You business is not alone. Your website is likely one of many in which user research and usability testing were not part of the design process. While their specific usability issues are different, they tend to fall into one of the four categories below:
1. The new website design does not take into account users’ experience with other websites. People take their previous experiences with them and think, “what worked on that website will probably work here.” In the physical world, as you go about your day opening doors, you call on your previous experience opening similar doors. If a door design doesn’t provide visual cues or violates your mental model of how doors operate, you end up being the idiot who can’t open it. When a website violates a person’s mental model of what the website should do, what it should contain, and what navigation options should be available, the user becomes confused and quickly frustrated.
2. The website design follows trends that result in a poor user experience. Just because a design trend crops up on other websites, does not mean it is the best choice for your target audience. In effort to try something new and different, designers sometimes take inspiration from websites with the newest design trend. These are trends that the target audience is unfamiliar with, and often result in poor usability. For example, flat design that does not give the user visual cues as to what is clickable or putting field labels within fields, which disappear once the user starts typing. Visual design is important—but usability always comes first.
3. The website’s marketing efforts look desperate. Marketing-speak is a turnoff that users will glance at then ignore (or laugh at). Use clear and helpful language that you’ve tested with representative users. In attempting to establish a relationship with your website visitor, adhere to social norms.

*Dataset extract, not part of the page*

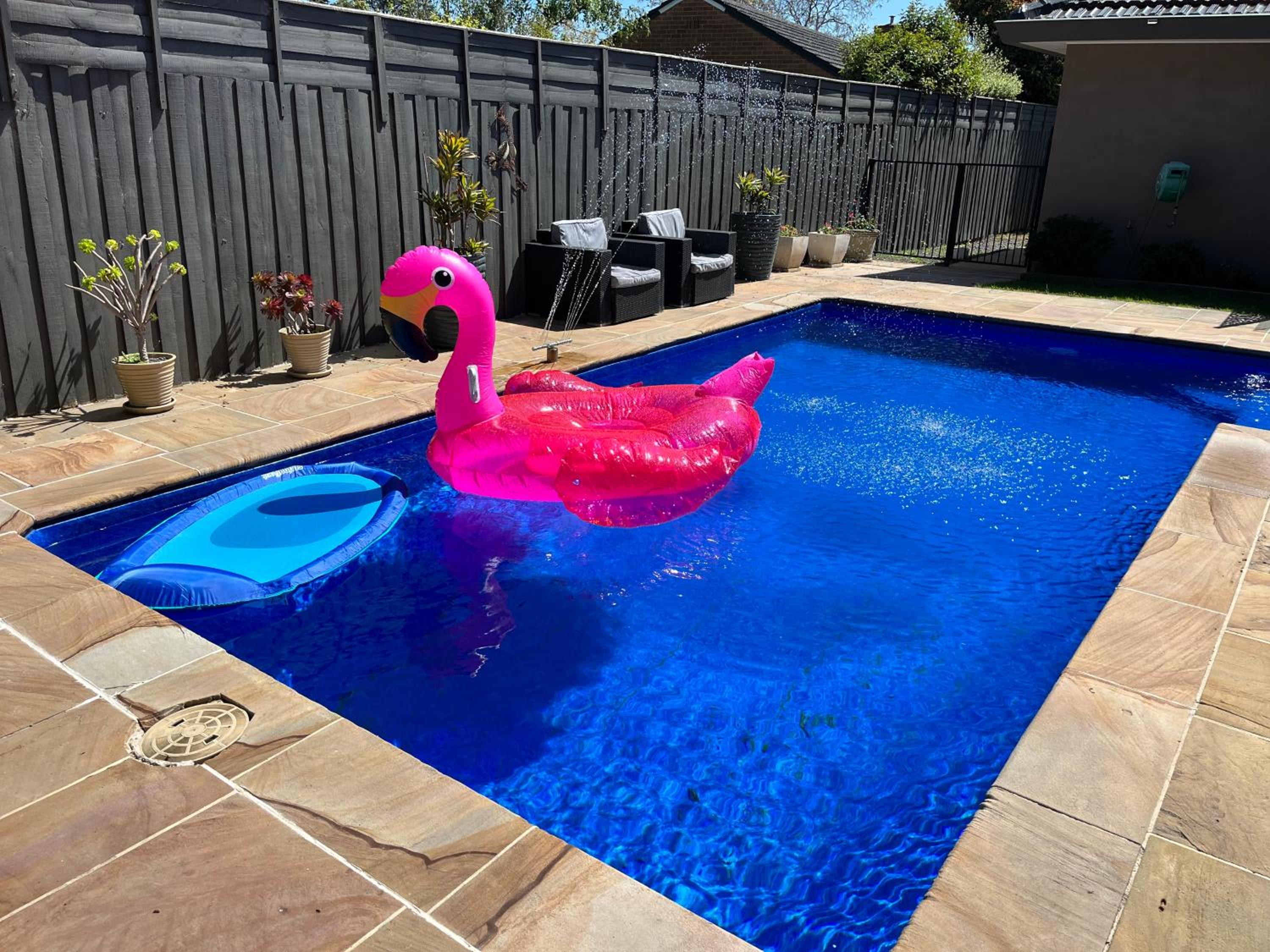 Spacious 3Bd n Pool family holiday home TF2223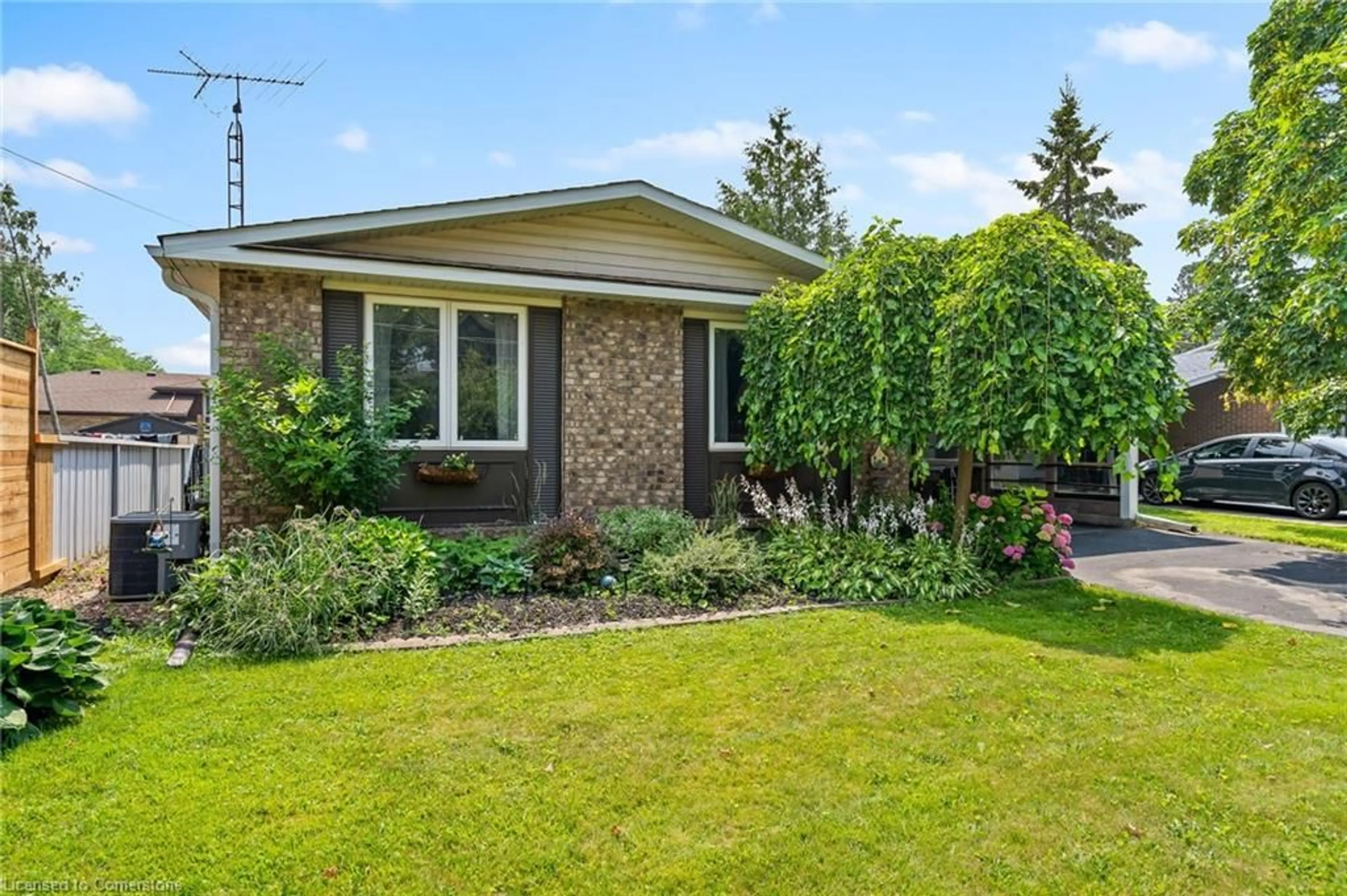 Home with brick exterior material, street for 8164 Catalina St, Niagara Falls Ontario L2H 1T7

NO ONE wants to give you their personal information upon first entering the site. Asking for it then is not only annoying, it’s intrusive. Demonstrate value first, then carefully and considerately move interested users to the next level of engagement.
4. Mobile is an afterthought. Most websites are responsive now, but that does not mean they are mobile-optimized. Because of the lack of real estate, mobile design presents a myriad of challenges and usability issues that are often not apparent to the design team until a real user tries to use the site. In the rush to launch a website, testing with representative users on mobile devices is a step that is often skipped—until your company starts to receive complaints.
How do you prevent these issues? Conduct user research prior to a website redesign—which might include a usability study using your current website—and involve representative users in walkthroughs and usability studies throughout the design and development process. Establish user experience metrics that are tied to business goals. Then make sure you’re regularly measuring your progress and optimizing when those goals aren’t being met. As an added bonus, investing in fixing many of the issues in #2-4 will also help with your website’s SEO.